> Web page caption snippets
■ ■ ■ ■ ■

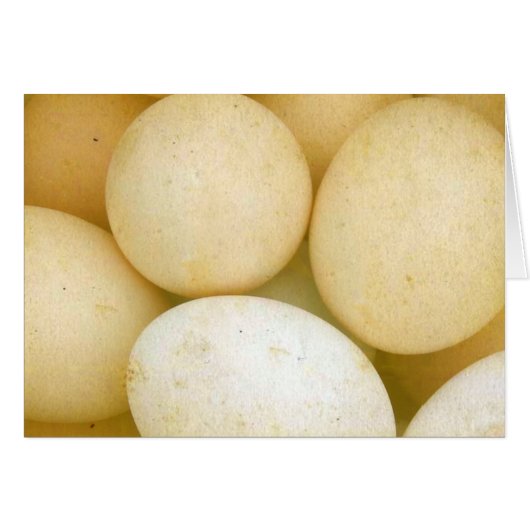 Eggs Cards (Front Horizontal)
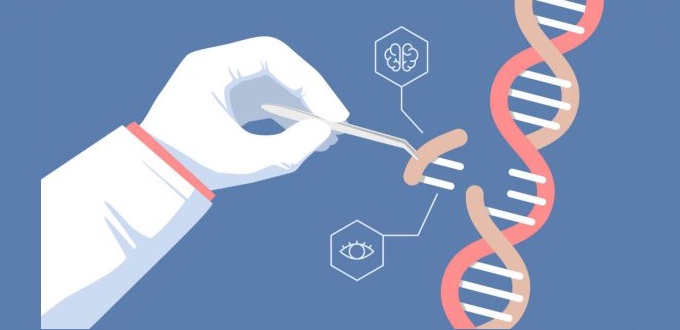 El I Comité de Bioética de España rechaza el uso de la técnica CRISPR en humanos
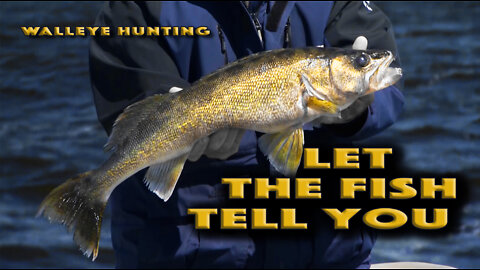 The Mindset of Hunting Walleye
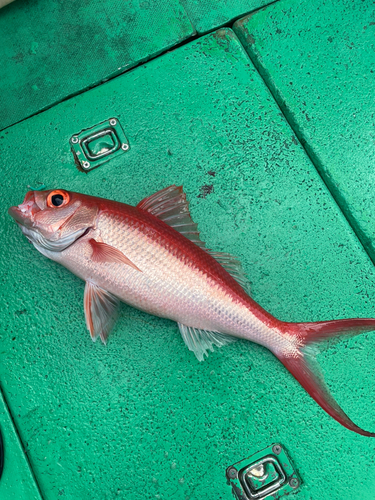 ハマダイの釣果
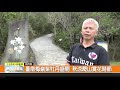 1091105新永安新聞 臺南梅嶺紫牡丹盛開 秋涼爬山賞花時節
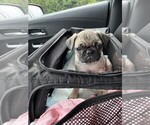 Small #3 Pug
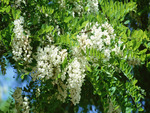 Acacia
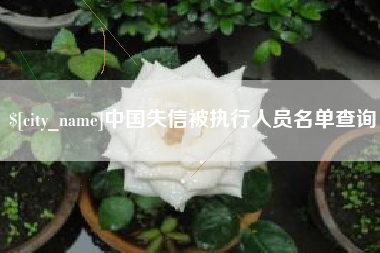 沈丘中国失信被执行人员名单查询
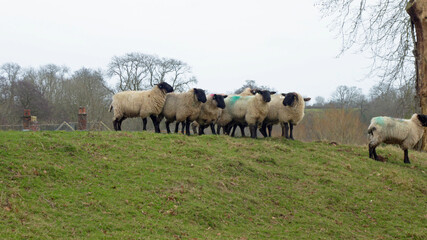 Naklejka na ściany i meble Sheep in the meadow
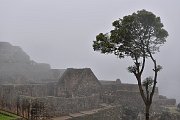 slides/141117_009_a.html
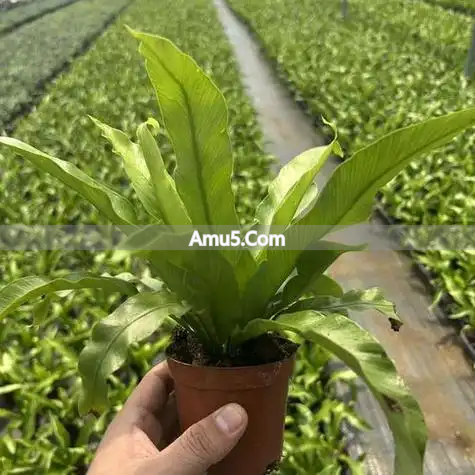 办公室风水最佳工位_办公提升是非不扰好风水学_提升工位私密性方法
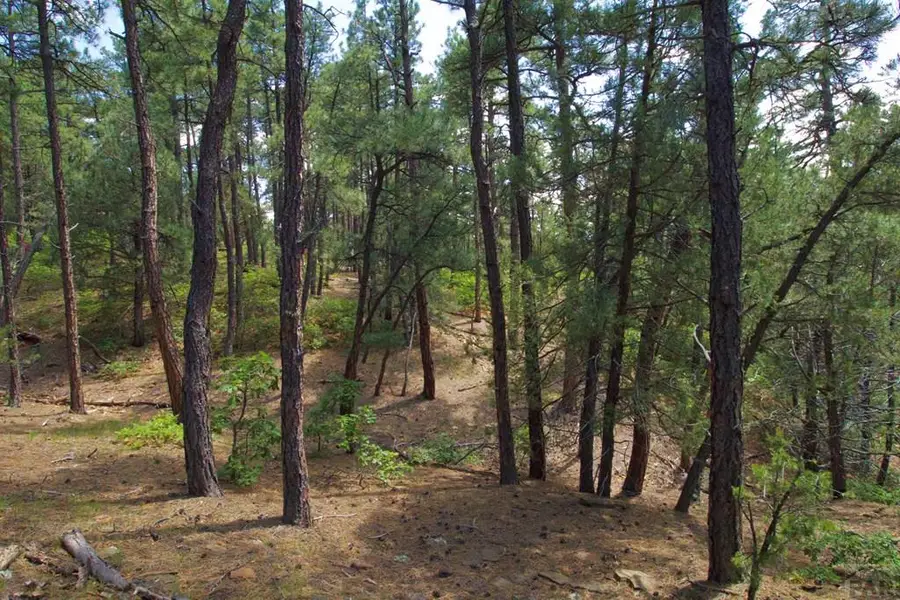 000 Cirrus Way, Trinidad, CO 81082 - #3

■ ■ ■ ■ ■

> Directions
The expected result is the data above in exact form, free of pictures.

> Written response
 Eggs Cards (Front Horizontal)
 El I Comité de Bioética de España rechaza el uso de la técnica CRISPR en humanos
 The Mindset of Hunting Walleye
 ハマダイの釣果
 1091105新永安新聞 臺南梅嶺紫牡丹盛開 秋涼爬山賞花時節
 Small #3 Pug
 Acacia
 沈丘中国失信被执行人员名单查询
 Naklejka na ściany i meble Sheep in the meadow
 slides/141117_009_a.html
 办公室风水最佳工位_办公提升是非不扰好风水学_提升工位私密性方法
 000 Cirrus Way, Trinidad, CO 81082 - #3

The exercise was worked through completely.